[連載]高橋敦のオーディオ絶対領域
【第137回】“花澤病ライター”が花澤香菜ソングスにぴったりなヘッドホンをコーディネート!
■ほほ笑みモード×beyerdynamic T 51 p
2ndアルバムとそれに伴うツアーを経ての、花澤香菜音楽活動3rdシーズンの始まりを鮮やかに告げた曲。アルバムでも武道館でも二曲目で、開放的な「I LOVE NEW DAY!」との対比も鮮やかだ。
というのもこの曲はそれまでの花澤香菜さんの音楽活動では扱ってこなかったしご本人も縁がなかったというクラブミュージックのサウンドを取り入れて…というか完全にそのサウンドの曲になっている。なので他の曲とのコントラストも、この曲の中での密で重いベースサウンドと花澤さんの天使の歌声とのコントラストも際立つのだ。さらにしかも、この打ち込み系のビートをバンド編成のライブではどうするんだろう?と楽しみにしていたら、アレンジの大枠はそのままにベースはむしろ逆にウッドベース!という意表も突かれて、それもまたスタジオ版のシンセベースとのコントラストが鮮やかだった。
ということでヘッドホンも「コントラスト」を意識して選んでみたのがbeyerdynamic「T 51 p」。実売3万2,000円程度だ。
まず最初のコントラスト。ベイヤーの「テスラドライバー」搭載ヘッドホンというと透明で鋭い高域描写の方の印象が強いが、このモデルは小型なのに低音もかなりグイグイ来る。沈み込む本当に低い帯域の重低音までフラットに出ているというよりは、ベースやドラムスなど低音楽器の「おいしい重み」をぐいっと出してくれている感じだ。四つ打ちバスドラムのドシンとしたところなど特に見事。シンセベースの唸りやうねりも実によい感じだ。しっかりとしたアンプで駆動すれば緩みなく密な低音を叩き出してくれる。
次のコントラストは、その強烈な低音に対してしかしやっぱりベイヤーテスラドライバーらしいシャープな高域も拮抗するというその対比。細かなリズムを刻むハイハットシンバルの薄刃さ、アコースティックギターの印象的なリフの輝き具合などさすが!
そしてそのおかげで花澤さんの歌声との相性もトップクラス。息の刺さる成分を、ほぐすのではなく研ぎ澄ますことで、耳に痛いものではなく心地よく耳と心に刺さるものにしてくれる。

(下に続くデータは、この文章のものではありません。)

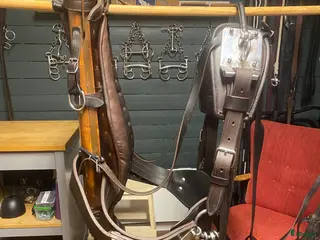 Körselar körning till salu: Tärnsjö sele - Annons 1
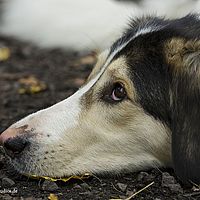 2014-11-15 11-51-31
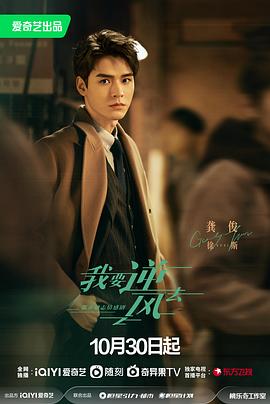 小精灵字幕软件下载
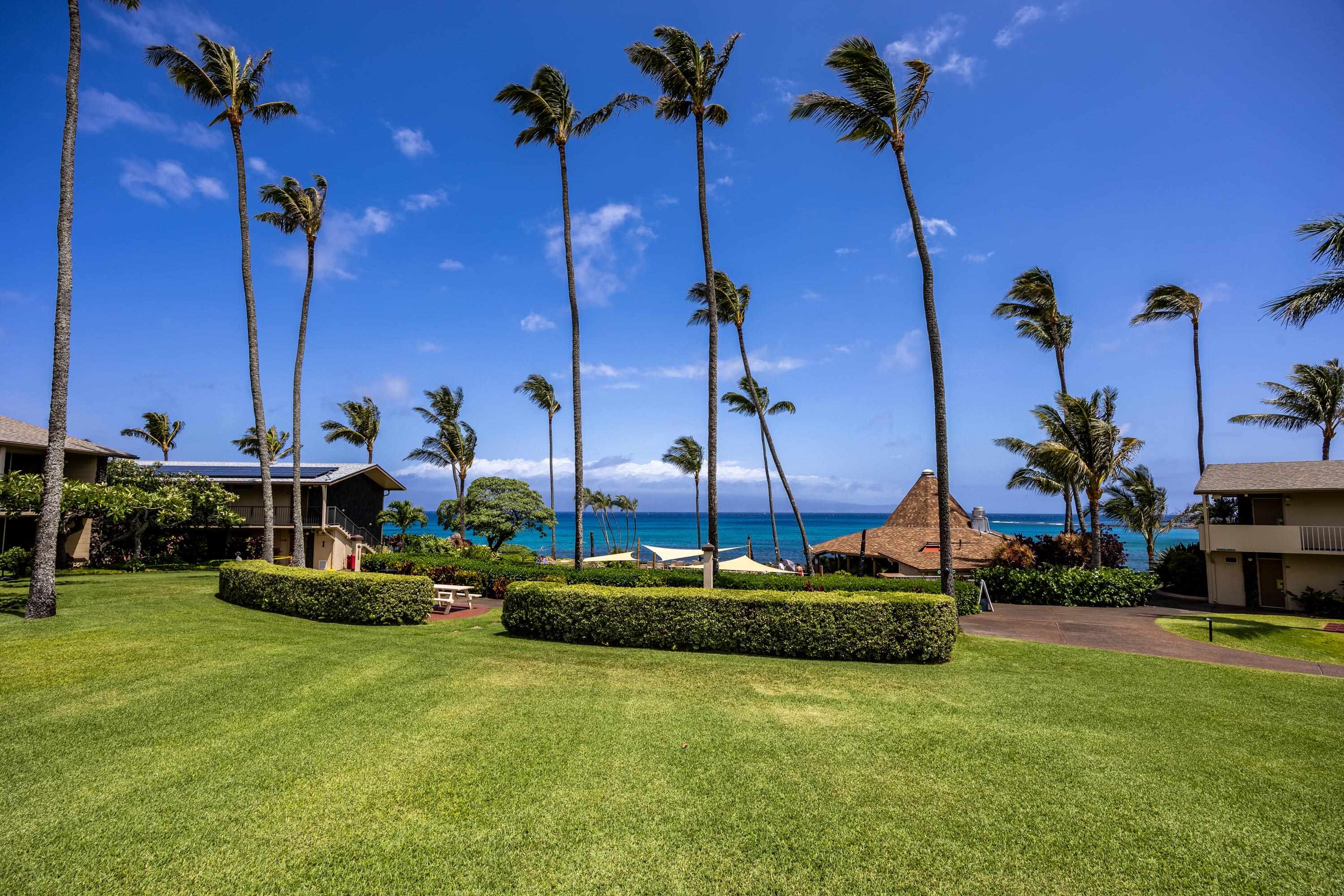 5315 Lower Honoapiilani Road, Unit C215 Lahaina, HI 96761 - Photo 20 of 47 Gallery Image 20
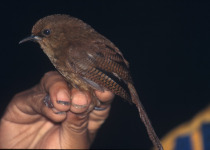 Olivaceous Thornbill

ヘッドホン単体で見ると音場が広くはなく密でダークなところで好みが分かれるかもしれない。しかしこの曲との組み合わせでは、その密でダークなところがクラブっぽいし、その密でダークな音場を背景にアコースティックギターが輝き、花澤さんの声が立体的に浮かび上がるという、そのコントラストが美しい。